[Ansteorra] Cookies and merit badges
Richard Threlkeld
rjt at softwareinnovation.com
Sun May 21 21:22:28 PDT 2006
Having been a Boy Scout and then an adult leader for 17 years, I have some
insight into the Merit Badge. It is designed as a more or less objective
measure of basic achievement. The merit badges requirements themselves are
not made to measure expertise. In some cases, like the First Aid or
Swimming or Hiking merit badge, they should basic competence. But for most
of them, they show you have become familiar with the areas covered in a
specific merit badge. The computer merit badge introduces you to the
concepts, for instance. Many of these are to show you areas where you might
choose a career. Others are to help make a Scout more well rounded.
Moving along the Merit Badge trail gives them a concrete and visible way to
measure their progress. But along the way, they learn to be punctual when
meeting with the MB councilor. They learn to keep at it until they succeed.
They learn they are responsible for their results, not their parents, not
their Scoutmaster, and not the MB councilor. Other aspects of Scouting teach
leadership. They must take offices to advance. They must plan the activities
for the Troop at periodic leadership meetings. The adults attend to make
sure they don't get out of hand, but they allow the boys to plan what they
will within that constraint. And they learn to live with the consequences of
their planning.
Eagle candidates must do a major project. In the end, the project itself is
just a vehicle for demonstrating planning, leadership, and maturity. For
instance, a boy decided to paint an elderly couple's home that needed
painting. He had to recruit other boys to do the work. He had to find
funding/donations for the paint and supplies (and not from his parents). He
had to recruit one or more professional painters to train the boys and make
sure a good job was done. He needed to think about things like: where are
the workers going to find restrooms (the elderly couple might not want 30
boys using theirs)? How are the boys to get to the site? If it rains, how
are the boys getting back home early? If it starts to rain, how do you
protect the home? Do you have an alternate date to finish the work if it
takes longer than expected or rains? What is plan B, C, and D?

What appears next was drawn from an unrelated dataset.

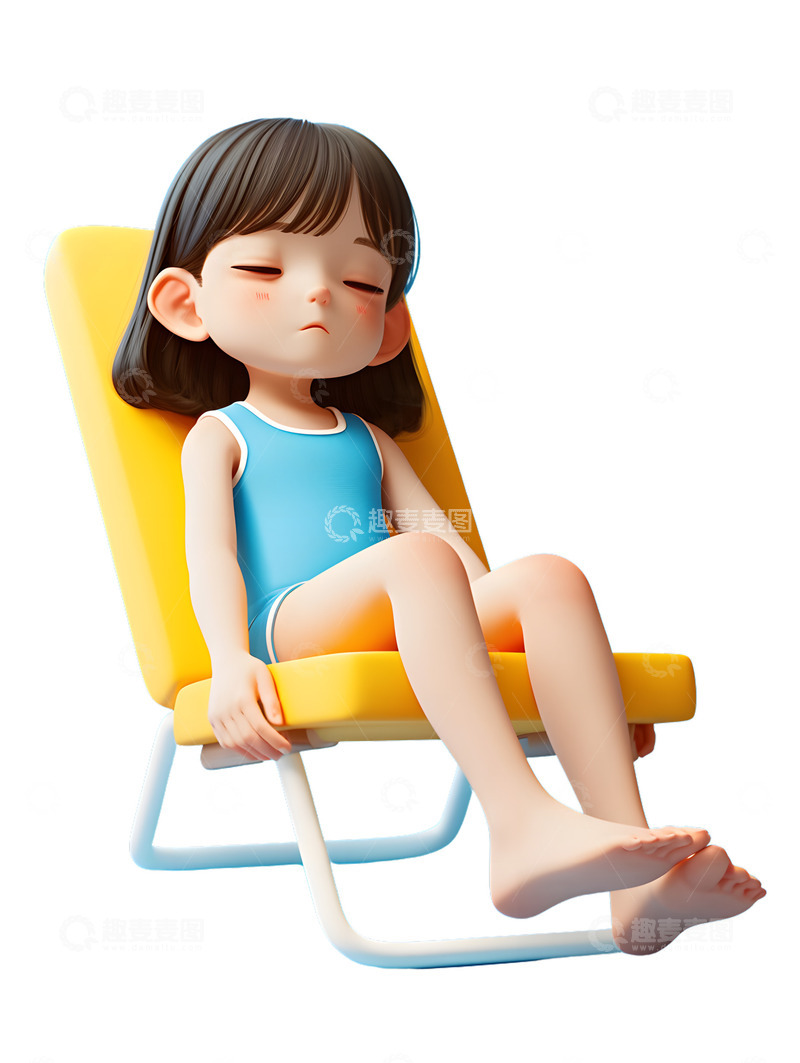 高清大图下载【趣麦麦图】坐在沙滩椅上休息睡觉的女孩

They start working on rank and merit badges to show their accomplishments
and along the way they become a better and more capable person, often
without realizing it.
Ansteorra has the Thistles which show a basic competence in an area - an SCA
merit badge. Most other awards are more subjective. An AoA is for some body
of service that gets noticed. How much service? Whatever it takes to get
people asking nobles to give it to you. A Crane is for more service and
usually for a higher level of service than an AoA. A Star of Merit adds in
the (at least in my opinion) the need for leadership in service. And a
peerage is like the Eagle Scout.
We expect much more work than the Scouts do, but we are capable adults and
have more time to accomplish our goals. Just like the Scout, we learn to
*become* a better, more capable person as we move along this path. The path
is not goal, it is the pat on the head that tells us we are developing in
the right direction. An Eagle Scout often moves on to other things, because
he has accomplished the top goal in Scouting (BSA has been working on that
for some time with additional awards, high adventure programs, and other
incentives to keep Eagles). Hopefully, our peers see the achievement of that
milestone as a marker on their continuing path with more leadership and
continuing development.
In service,
Caelin on Andrede
_____
From: ansteorra-bounces at lists.ansteorra.org
[mailto:ansteorra-bounces at lists.ansteorra.org] On Behalf Of Jean Paul de
Sens
Sent: Sunday, May 21, 2006 22:22 PM
To: Ansteorra List
Subject: [Ansteorra] Cookies and merit badges
Due to the long drive home this afternoon, Gilyan and I landed upon the
subject of "cookies and merit badges" and wondered at the negative
connotation associated with such things. So we're wondering:
What's wrong with merit badges? What about the system is offensive and/or
wrong?
Jean Paul
P.S., please try to keep the "I like chocolate chip" responses to a minimum
as I'm genuinely curious about this question.